- Directed by: Richard Friedenberg
- Written by: David O'Malley
- Story by: Richard Friedenberg Charles E. Sellier Jr.
- Produced by: David O'Malley Charles E. Sellier Jr.
- Starring: Dan Haggerty Denver Pyle
- Cinematography: George Stapleford
- Edited by: Sharron Miller
- Music by: Bob Summers
- Production company: Sunn Classic Pictures
- Distributed by: Sunn Classic Pictures
- Release date: January 14, 1976;
- Running time: 106 minutes
- Country: United States
- Language: English
- Box office: $5.5 million

= The Adventures of Frontier Fremont =

1976 film

The Adventures of Frontier Fremont, released in the UK as Spirit of the Wild, is a 1976 American Western adventure film directed by Richard Friedenberg, starring Dan Haggerty and Denver Pyle.
The Adventures of Frontier Fremont, a family movie, tells the story of Jacob "Frontier" Fremont. Fremont, originally from St. Louis, gives up his job as a tinsmith in favor of a life as a mountain man. In the mountains he befriends and protects many local animals.
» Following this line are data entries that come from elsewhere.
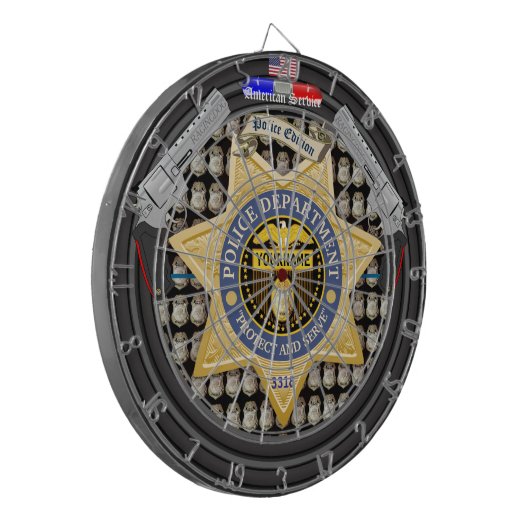 Speciaal uitgeruste Amerikaanse Service Police Edi Dartbord (Voorkant Links)
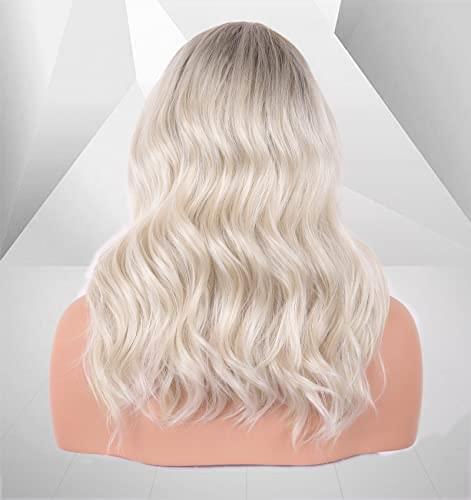 12 inch Light Brown Loose Curly Lace Front Wig with Middle Part - Image 148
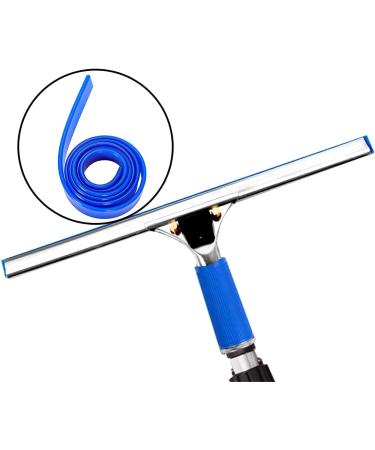 41 Inch Rubber Strip Glass Squeegee Refills Window Cleaner Scraper Strip Replacement Window Glass Cleaning Tool 2 Colors Black - Buy Online on GoSupps.com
Denver Pyle co-stars as "the old mountaineer". Three of the stars, Dan Haggerty, Denver Pyle and Don Shanks, also appeared together in the TV series The Life and Times of Grizzly Adams.

==Cast==
- Dan Haggerty as Jacob "Frontier" Fremont
- Denver Pyle as Old mountain man
- Tony Mirrati as Kemp
- Norman Goodman as Williams
- Teri Hernandez as Shining Water
- Don Shanks as Indian
- Lee Sollenberger as Man at fort

==Production==
Parts of the film were shot in Park City, Kamas and Uinta National Forest in Utah.